The GPU hardware supports predication of almost all instructions. This is not a concept unique to GPUs; you may have heard that the ARM CPU architecture also allows predication of most instructions.
Conceptually you can think of predication causing an instruction to be executed but the writing of the result to be suppressed if the predicate the instruction is associated with evaluates to FALSE. The reality is more complicated but the preceding should suffice for code generation iscussions. The currently shipping GPUs have multiple predicate registers for this purpose, so different instructions can be predicated using different predicate registers.

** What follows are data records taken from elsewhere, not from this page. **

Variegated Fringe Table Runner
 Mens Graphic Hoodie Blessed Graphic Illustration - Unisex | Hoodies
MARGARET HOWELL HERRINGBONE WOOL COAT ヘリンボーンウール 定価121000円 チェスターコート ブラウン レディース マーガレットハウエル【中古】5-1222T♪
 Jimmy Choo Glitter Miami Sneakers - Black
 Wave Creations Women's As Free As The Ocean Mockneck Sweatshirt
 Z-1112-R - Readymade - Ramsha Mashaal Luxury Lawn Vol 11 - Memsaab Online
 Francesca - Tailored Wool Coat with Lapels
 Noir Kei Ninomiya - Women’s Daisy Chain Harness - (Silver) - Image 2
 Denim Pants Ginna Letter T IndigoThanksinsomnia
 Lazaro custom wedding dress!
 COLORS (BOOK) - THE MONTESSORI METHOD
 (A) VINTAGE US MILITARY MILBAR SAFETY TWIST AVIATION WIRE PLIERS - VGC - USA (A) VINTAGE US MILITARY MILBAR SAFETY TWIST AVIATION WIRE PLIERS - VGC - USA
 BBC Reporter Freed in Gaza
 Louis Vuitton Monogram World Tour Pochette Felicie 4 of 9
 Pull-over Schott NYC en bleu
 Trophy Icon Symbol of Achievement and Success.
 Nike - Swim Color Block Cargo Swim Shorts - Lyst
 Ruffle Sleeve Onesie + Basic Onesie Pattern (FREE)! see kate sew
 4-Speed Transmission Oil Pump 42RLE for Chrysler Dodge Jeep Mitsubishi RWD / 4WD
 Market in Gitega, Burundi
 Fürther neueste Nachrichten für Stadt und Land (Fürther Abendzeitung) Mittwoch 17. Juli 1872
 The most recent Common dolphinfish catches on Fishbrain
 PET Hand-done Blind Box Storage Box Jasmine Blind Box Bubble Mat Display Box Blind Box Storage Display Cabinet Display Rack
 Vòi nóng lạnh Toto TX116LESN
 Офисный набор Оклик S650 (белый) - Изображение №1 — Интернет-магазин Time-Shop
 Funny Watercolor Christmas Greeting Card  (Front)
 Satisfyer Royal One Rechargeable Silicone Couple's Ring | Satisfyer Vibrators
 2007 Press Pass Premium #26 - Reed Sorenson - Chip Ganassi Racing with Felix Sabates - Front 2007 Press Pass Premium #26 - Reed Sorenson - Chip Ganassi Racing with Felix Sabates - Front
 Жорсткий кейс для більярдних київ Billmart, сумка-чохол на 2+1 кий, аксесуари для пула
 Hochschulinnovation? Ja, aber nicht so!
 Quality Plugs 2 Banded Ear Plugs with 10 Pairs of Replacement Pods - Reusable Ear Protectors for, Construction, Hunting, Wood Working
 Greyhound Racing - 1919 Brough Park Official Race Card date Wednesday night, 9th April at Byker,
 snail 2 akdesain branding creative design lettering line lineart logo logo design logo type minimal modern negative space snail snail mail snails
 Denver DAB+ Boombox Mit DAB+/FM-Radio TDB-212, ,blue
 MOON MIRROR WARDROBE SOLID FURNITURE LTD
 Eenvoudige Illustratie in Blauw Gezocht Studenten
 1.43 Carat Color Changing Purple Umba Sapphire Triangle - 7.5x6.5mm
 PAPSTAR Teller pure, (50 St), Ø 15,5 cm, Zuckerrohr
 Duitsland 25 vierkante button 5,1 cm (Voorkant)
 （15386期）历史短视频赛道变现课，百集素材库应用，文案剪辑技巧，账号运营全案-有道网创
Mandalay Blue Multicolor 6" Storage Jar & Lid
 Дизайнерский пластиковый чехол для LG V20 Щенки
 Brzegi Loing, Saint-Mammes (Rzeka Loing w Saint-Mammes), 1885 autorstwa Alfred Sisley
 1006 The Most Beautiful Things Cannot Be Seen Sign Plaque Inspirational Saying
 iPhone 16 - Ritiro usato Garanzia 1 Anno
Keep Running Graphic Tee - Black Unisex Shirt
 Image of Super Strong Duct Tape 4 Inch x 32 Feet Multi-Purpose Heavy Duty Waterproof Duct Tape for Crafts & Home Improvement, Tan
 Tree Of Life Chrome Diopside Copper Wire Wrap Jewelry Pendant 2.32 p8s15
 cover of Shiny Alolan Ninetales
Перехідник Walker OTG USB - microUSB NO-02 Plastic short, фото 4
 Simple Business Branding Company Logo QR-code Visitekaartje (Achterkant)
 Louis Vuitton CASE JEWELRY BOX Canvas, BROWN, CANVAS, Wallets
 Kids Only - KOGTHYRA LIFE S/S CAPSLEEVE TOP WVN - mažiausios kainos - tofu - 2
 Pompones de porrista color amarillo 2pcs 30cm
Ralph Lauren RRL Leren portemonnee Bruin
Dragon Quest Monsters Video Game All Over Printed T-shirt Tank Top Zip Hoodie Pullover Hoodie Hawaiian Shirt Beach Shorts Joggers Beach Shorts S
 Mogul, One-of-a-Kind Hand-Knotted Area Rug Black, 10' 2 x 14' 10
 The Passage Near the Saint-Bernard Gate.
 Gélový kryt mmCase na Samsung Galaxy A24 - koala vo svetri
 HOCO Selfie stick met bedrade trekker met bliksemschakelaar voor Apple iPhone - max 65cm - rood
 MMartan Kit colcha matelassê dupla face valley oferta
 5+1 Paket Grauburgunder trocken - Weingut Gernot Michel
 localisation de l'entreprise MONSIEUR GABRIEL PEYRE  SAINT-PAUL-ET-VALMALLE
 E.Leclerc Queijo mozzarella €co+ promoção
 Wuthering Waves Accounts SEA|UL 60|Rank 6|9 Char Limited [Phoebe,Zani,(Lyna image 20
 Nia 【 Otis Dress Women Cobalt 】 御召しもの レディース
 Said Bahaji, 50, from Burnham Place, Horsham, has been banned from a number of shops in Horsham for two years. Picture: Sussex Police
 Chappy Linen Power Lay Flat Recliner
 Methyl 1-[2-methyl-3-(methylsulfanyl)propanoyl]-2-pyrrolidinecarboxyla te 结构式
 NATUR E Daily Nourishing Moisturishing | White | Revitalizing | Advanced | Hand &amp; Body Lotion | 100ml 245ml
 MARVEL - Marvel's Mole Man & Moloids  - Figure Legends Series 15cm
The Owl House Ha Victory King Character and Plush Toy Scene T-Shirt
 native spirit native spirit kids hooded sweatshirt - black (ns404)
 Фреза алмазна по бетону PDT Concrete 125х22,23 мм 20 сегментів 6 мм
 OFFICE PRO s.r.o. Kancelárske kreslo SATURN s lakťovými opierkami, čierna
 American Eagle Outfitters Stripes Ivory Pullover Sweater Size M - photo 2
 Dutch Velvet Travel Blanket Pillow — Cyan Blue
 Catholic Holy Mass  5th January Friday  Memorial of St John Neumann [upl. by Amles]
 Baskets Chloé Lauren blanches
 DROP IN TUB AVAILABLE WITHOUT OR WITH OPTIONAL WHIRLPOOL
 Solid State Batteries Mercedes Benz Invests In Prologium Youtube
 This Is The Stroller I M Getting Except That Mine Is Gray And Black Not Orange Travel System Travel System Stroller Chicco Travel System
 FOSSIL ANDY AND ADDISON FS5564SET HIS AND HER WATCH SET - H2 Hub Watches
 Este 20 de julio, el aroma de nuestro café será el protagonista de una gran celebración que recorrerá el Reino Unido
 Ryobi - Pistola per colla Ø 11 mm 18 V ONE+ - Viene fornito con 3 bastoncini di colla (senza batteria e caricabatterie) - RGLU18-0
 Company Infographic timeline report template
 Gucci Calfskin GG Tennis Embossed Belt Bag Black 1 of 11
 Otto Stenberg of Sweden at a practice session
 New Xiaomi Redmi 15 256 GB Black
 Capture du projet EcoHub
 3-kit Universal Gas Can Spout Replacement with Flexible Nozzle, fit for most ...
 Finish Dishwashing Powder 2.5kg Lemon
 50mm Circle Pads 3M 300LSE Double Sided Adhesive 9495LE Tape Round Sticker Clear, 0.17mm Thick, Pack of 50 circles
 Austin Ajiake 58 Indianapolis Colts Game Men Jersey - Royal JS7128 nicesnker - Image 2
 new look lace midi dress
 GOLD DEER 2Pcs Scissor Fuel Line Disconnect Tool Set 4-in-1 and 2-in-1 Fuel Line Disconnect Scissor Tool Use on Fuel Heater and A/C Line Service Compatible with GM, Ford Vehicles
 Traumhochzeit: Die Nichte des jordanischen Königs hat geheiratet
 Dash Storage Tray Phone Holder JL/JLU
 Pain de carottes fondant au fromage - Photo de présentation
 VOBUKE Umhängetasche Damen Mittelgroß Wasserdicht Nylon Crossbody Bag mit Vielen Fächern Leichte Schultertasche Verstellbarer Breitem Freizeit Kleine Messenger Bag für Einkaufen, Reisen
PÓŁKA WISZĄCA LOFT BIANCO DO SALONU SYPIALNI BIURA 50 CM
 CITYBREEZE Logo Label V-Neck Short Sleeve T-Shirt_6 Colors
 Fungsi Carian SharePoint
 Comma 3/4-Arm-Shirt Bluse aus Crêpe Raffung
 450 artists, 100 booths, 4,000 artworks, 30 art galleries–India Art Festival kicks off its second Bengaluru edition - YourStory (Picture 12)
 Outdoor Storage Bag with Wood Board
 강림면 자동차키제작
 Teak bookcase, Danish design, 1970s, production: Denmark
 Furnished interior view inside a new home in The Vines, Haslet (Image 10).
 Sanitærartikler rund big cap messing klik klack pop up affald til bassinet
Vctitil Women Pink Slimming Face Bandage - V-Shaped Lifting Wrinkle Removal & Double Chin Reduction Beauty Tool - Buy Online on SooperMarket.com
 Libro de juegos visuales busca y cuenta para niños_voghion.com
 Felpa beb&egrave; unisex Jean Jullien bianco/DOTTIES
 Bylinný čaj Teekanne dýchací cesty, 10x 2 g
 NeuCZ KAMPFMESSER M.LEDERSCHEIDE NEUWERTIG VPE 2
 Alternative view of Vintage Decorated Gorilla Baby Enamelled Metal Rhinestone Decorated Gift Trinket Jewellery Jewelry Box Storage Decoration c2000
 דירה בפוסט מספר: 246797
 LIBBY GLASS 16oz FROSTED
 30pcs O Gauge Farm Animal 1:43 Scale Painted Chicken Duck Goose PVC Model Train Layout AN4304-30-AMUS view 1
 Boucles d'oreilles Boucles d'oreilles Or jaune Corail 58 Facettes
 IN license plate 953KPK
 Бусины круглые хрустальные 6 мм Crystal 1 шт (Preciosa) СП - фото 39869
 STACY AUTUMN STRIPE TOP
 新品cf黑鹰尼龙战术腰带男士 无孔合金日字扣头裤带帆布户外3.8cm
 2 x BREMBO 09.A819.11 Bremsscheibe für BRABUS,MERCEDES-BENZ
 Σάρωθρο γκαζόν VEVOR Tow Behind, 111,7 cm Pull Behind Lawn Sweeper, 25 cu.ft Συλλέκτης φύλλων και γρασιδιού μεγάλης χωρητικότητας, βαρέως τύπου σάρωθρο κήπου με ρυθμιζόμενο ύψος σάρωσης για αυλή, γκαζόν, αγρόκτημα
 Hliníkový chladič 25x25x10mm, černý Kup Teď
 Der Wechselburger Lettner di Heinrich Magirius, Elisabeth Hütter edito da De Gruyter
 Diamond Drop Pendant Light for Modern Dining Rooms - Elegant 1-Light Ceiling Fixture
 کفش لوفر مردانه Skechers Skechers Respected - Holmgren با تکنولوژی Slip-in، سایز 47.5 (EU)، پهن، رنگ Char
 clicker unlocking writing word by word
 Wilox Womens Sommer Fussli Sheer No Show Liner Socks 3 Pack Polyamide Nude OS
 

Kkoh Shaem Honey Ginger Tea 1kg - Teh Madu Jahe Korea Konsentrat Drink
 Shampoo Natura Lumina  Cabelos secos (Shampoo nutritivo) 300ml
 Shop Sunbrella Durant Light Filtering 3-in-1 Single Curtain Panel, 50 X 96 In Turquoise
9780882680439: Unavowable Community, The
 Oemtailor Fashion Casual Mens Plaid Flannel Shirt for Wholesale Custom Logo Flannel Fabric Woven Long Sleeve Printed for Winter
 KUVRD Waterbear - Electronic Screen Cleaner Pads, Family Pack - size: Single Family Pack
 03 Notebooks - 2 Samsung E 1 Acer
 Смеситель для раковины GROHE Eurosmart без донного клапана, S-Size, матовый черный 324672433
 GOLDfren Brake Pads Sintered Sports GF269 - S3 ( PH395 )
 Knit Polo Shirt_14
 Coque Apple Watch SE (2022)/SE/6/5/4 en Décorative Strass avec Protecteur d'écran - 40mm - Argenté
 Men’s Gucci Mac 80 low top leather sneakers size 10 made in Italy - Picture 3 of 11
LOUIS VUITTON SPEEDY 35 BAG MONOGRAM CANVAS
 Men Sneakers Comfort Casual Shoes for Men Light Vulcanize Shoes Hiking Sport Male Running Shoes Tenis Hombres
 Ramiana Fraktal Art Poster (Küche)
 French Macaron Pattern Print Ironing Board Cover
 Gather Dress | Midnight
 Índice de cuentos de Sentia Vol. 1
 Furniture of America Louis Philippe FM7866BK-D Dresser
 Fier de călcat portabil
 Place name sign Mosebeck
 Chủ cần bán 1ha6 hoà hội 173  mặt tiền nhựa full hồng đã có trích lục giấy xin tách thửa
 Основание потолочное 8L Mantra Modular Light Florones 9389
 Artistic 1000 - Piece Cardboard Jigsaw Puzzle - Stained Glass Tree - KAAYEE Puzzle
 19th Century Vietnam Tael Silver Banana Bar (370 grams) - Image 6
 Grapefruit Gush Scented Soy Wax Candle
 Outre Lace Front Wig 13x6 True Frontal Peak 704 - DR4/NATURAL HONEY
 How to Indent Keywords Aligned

When looking at these kind of code generation issues, you would always want to examine the machine code (SASS), rather than PTX. PTX is simply an intermediate language, and it is compiled to machine code. This second stage of compilation applies many optimizations, one of which is if-conversion, that is the conversion of conditionally executed code into either a sequence of predicated instructions or select-type instructions (CMOV on x86 is a select-ype instruction). You can dump the machine code by running cuobjdump --dump-sass.
To first order, you would want to let the compiler figure out the best way to translate branchy code, as there are many trade-offs. For example, every instruction in a sequence of predicated instructions must be executed by all threads, while this may not be necessary when a branch is used, meaning the predicated code may actually require in an increase in execution time. On modern GPUs (>= sm_20), the compiler may therefore combine predication with uniform branches (BRA.U) for best overall results. Similarly, there are tradeoffs between predicated instructions and select-type instructions. In looking at a recent optimization case on Kepler, I was wondering why the compiler used a mixture of predication and select-type instructions (instead of 100% predication), only to find that this did indeed provide the best performance.
If you write your code at PTX level, you will find that writing the code with predication does not always result in predication being used at the machine code level: sometimes a conversion to select-type instructions takes place. In some optimization cases where I disagreed with such a decision by the compiler, I have found that if I write the code with branches at PTX level I have a better chance of getting predicated instructions in the machine code. Note that this is an observation of a code generation artifact, not a guaranteed way to generate certain machine code.